Introduction to Connectionism                                                         Dr. Ron Mallon     

 

 

1.  Three levels:  We’ve now discussed the prospect of looking at the mind as a computing device that can be described at (at least) three levels: ecological, computational, and physical.

     The computational level, as we have been conceiving of it, involves symbol manipulation according to rules that allow the symbols and the processes defined over them to represent objects and relations in a target domain.

 

2.  Connectionist architectures:  Today I want to take a step back and consider an alternative form of computation, one that forgoes reference to individual symbols.  These ‘connectionist networks’ employ a large number of ‘cells’ or ‘nodes’.  These nodes are connected to each other by one way connections that are ‘weighted’ and may ‘fire’ - sending a value to the next node.  The connections may also be of different types, excitatory or inhibitory, depending on whether the value sent to the next node is negative or positive.

 

Whether a node fires depends on stimulations of incoming nodes and the node’s own ‘threshold value’.   For example, if a node has a threshold value of 3 and an initial value of 0, it will fire if it receives values adding up to 3 from the nodes that are connected to it.

 

3.  Training a network:  Such networks exhibit interesting properties.  In particular, they can be trained to recognize patterns and perform other seemingly intelligent tasks.  The most common way of training a network is via a technique called ‘backpropogation’.  This technique works as follows: we begin with a network whose connections are randomly weighted.  We create some sort of input to some of the cells of the network (sometimes called the input layer).  Also, we assign some of the network cells the function of ‘output’ cells, and we assign an interpretation to those cells.  For example, suppose we are trying to train a network to distinguish between faces and other objects.  We attach an input device (e.g. a camera) to the network.  The camera gives input to the network by differentially firing various ‘input layer’ cells, depending upon the image in front of the camera.  Then, we assign to certain output layer cells the interpretation ‘face’ or ‘not a face’.   The cells in between the ‘input layer’ and the ‘output layer’ are called the ‘hidden layer’.  We then show either a face or not a face to the network, and we see how it responds.  At first, it does horribly - it cannot distinguish faces from things that are not faces.  But every time the network gets a correct answer, we go through the network, and we strengthen all the connections that lead to the correct answer.  Conversely, when the network makes a mistake, we weaken the connections leading to the incorrect answer.  (This is what is called ‘backpropogation.’)  Eventually, after many trials, the computer will ‘learn’ to make the distinction.
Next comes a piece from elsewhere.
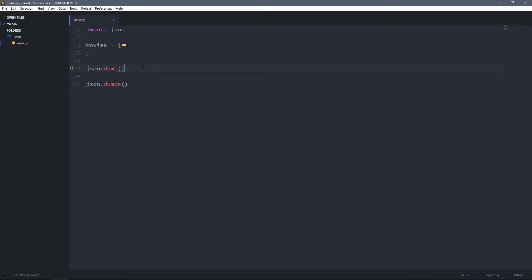The dump method is used to convert Python data to JSON data and write it to a file. The json.dumps method is used to convert Python data to a JSON string and return it, so it will return a JSON string that we can use further in our program. For now I'm going to comment out the json.dumps method because first we're going to look at the dump method.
       Once the computer can make the distinction for the training set, it can apply the distinction to new instances.  It’s learned to make the distinction!

 

4.  Connectionist networks as an alternative model of the mind: Connectionist networks, to a casual observer, seem bear a nonaccidental connection to a schematic of brain neurons.  Such networks were designed to reveal the computational properties of individual interacting units.

    Notice that connectionist networks of this sort have no symbols or ‘local’ representations.  That is, one cannot really say that certain nodes represent certain features or facts.  Moreover, the computer proceeds not by inference like manipulations of symbols according to rules, but by simple causal connections between nodes.  This has lead many to think that connectionist networks eliminate the need for a ‘computational layer’ in understanding cognition.